DATASET SECTION:
________________________

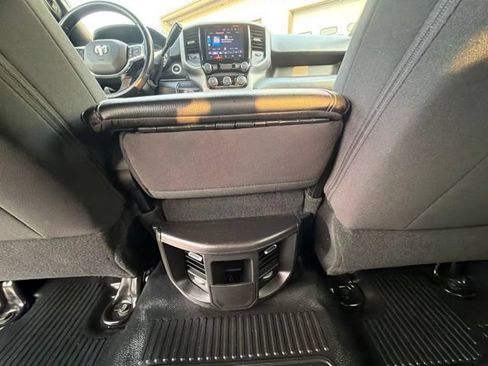 Used 2025 RAM 3500 Tradesman w/ Chrome Appearance Group AWD/4WD image 15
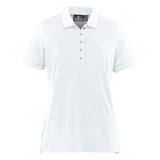 Women's Nantucket Stretch Pique Polo - Stormtech Australia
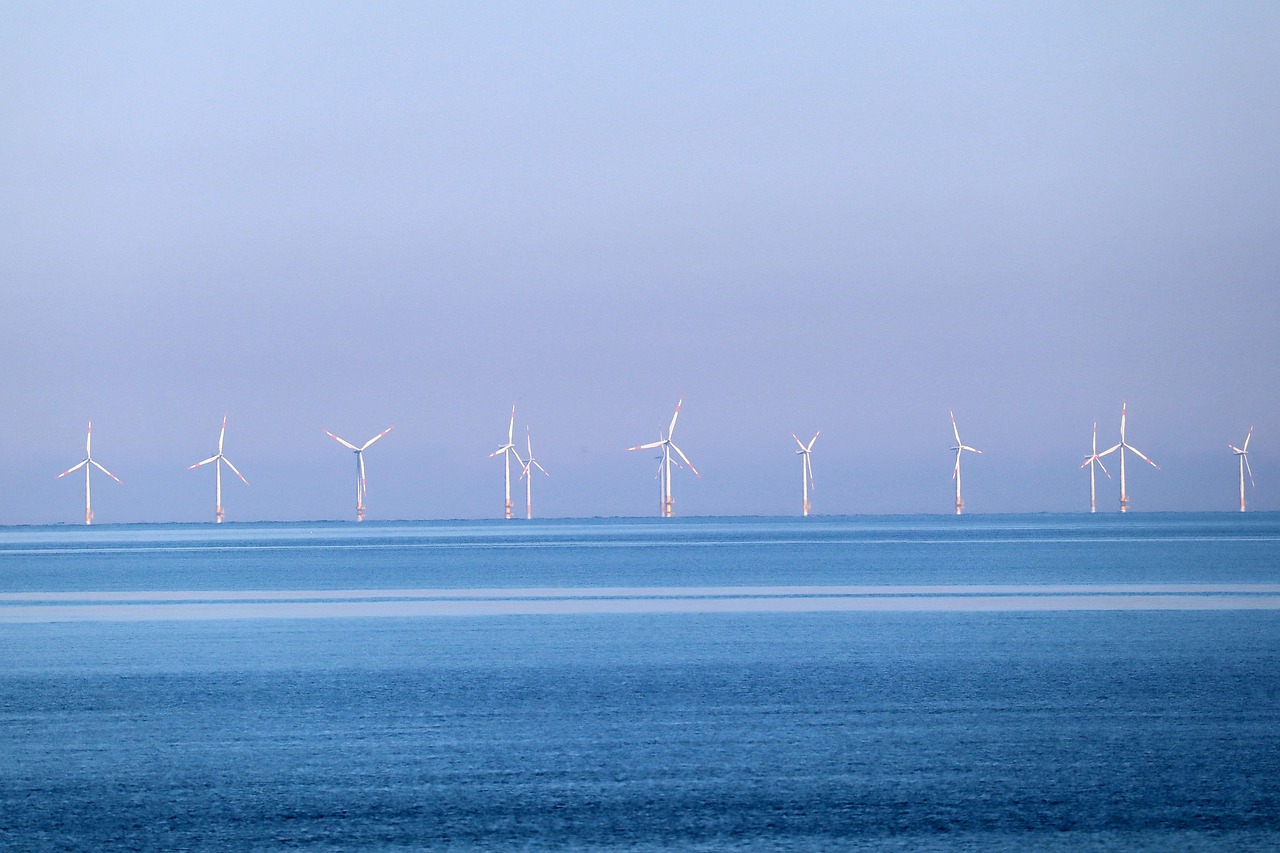 découvrez les avantages des parcs éoliens, une source d'énergie renouvelable qui contribue à la réduction des émissions de co2. explorez comment ces infrastructures innovantes transforment le paysage énergétique et promeuvent un avenir durable.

________________________

WHAT TO DO: Copy out all of the data word for word. Do not carry over any picture.

TASK RESULT:
 Used 2025 RAM 3500 Tradesman w/ Chrome Appearance Group AWD/4WD image 15
 Women's Nantucket Stretch Pique Polo - Stormtech Australia
 découvrez les avantages des parcs éoliens, une source d'énergie renouvelable qui contribue à la réduction des émissions de co2. explorez comment ces infrastructures innovantes transforment le paysage énergétique et promeuvent un avenir durable.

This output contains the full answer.